The tour is the brainchild of Gary Linden, a legendary surfboard shaper and big wave rider from Oceanside, Calif. The four stops on the tour are the Quicksilver Ceremonial at Punte de Lobos in Chile, the Billabong Pico Alto contest in Peru, the Mavericks Contest in Half Moon Bay, Calif., and the Todos Santos contest at Killers, near Ensenada, Mexico.

The winner is determined by contest rankings and wave size. Burle was the only contender who placed in all four events, with a fifth place in Chile, second in Peru, fifth at Mavericks and fourth at Todos Santos.

The top seven surfers included Santa Cruz's Peter Mel and Shane Desmond, Hawaii's Mark Healey, South Africa's Grant Baker and Chris Burtish and Greg Long from San Clemente. Burle took home a $5,000 prize from the event, which was sponsored by Jim Beam Bourbon.
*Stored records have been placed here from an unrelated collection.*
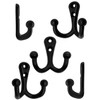 Fuxxer® 5x Classic Solid Coat Hooks Double Hook Towel Hook
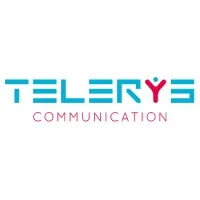 Voici le logo de la marque TELERYS COMMUNICATION qui représente son identité graphique.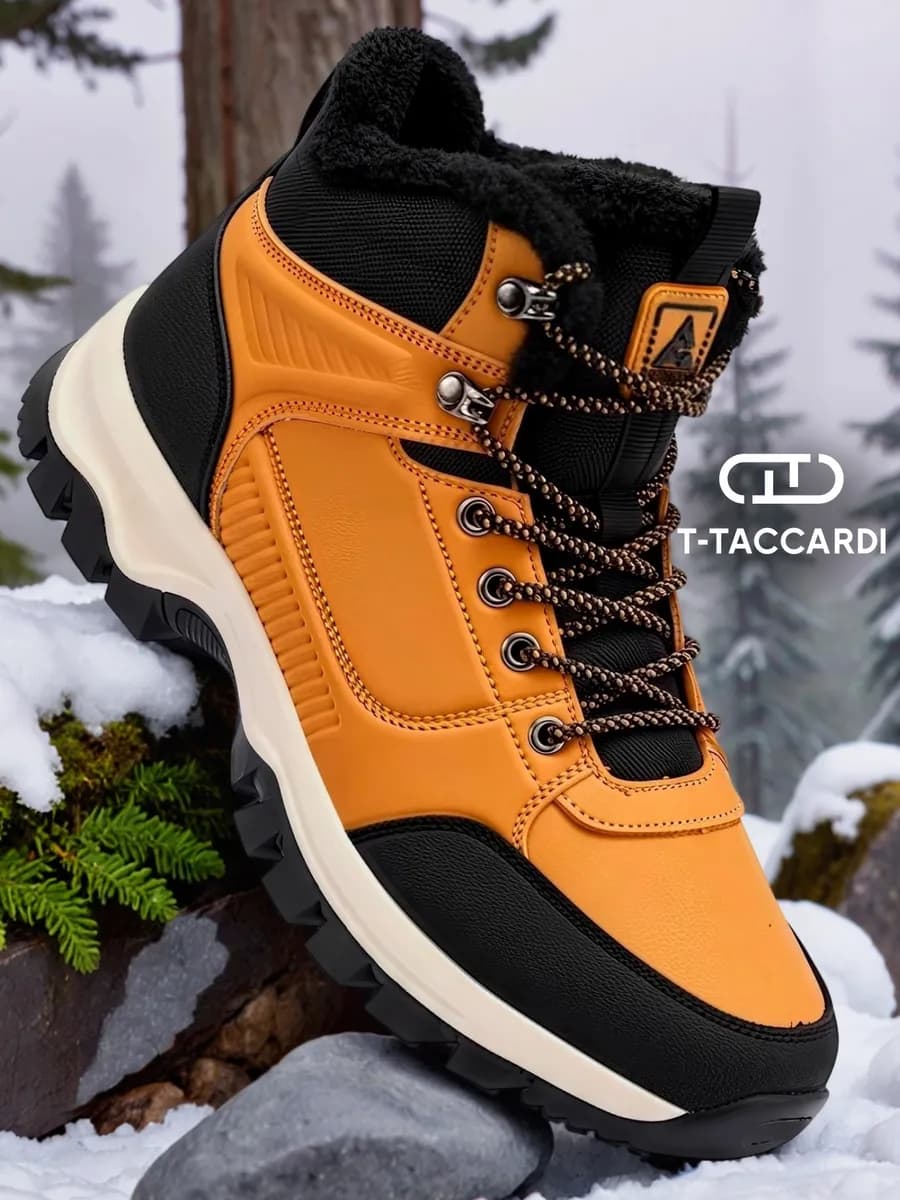 Треккинговые кроссовки зимние с мехом высокие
The championship was not Burle's first time making big wave surfing history. He also won the first big wave contest at Todos Santos in 1998. Linden was unable to find sponsorship to make the four-stop tour a reality in the years that followed, but after more than a decade of big dreams and hard work, Linden pulled off the tour this year during a historic El Nino season, which saw some of the biggest swells in a decade.
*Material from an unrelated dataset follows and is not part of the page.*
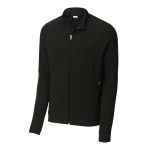 875605 black sport tek sport wick flex jacket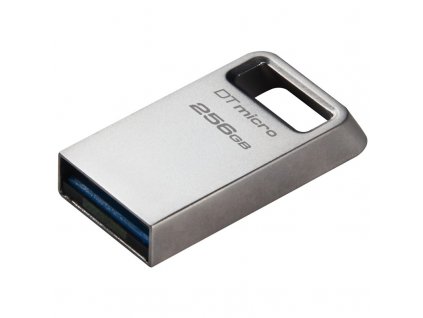 Flash USB Kingston DataTraveler Micro Metal 256GB - stříbrný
Burle was humble in accepting the award, telling the crowd, "What I'm getting tonight doesn't belong to me. It's not mine, it's not ours. It belongs to the sport."

The tour marks a significant step toward professionalizing the sport, allowing new opportunities for big wave surfers to compete on a regular basis. "We are making history," Burle told the crowd. "Keep raising the bar," he asked of his friends. "What we do is the biggest and most stressful thing in the world. I'm so happy at the age of 42 to paddle with you guys."

Said Linden after the ceremony: "The first phase of the dream is complete. But to relax is momentary. I'll never relax. We have more work to do. Now we have to keep it going. We created something, now we have to build it into what we want it to be and that's going to be the real work -- maintaining."

While sponsorship has traditionally been an obstacle, this year Linden realized that his field of dreams would have to be built first before money came in. "I realized that I didn't need sponsorship to build a product -- once I had a product I could attract sponsors."

The tour has no official sponsors  for the 2010 season, but the surfers are not deterred as they prepare for the first contest in Chile, the waiting period for which lasts from April 1 to May 31.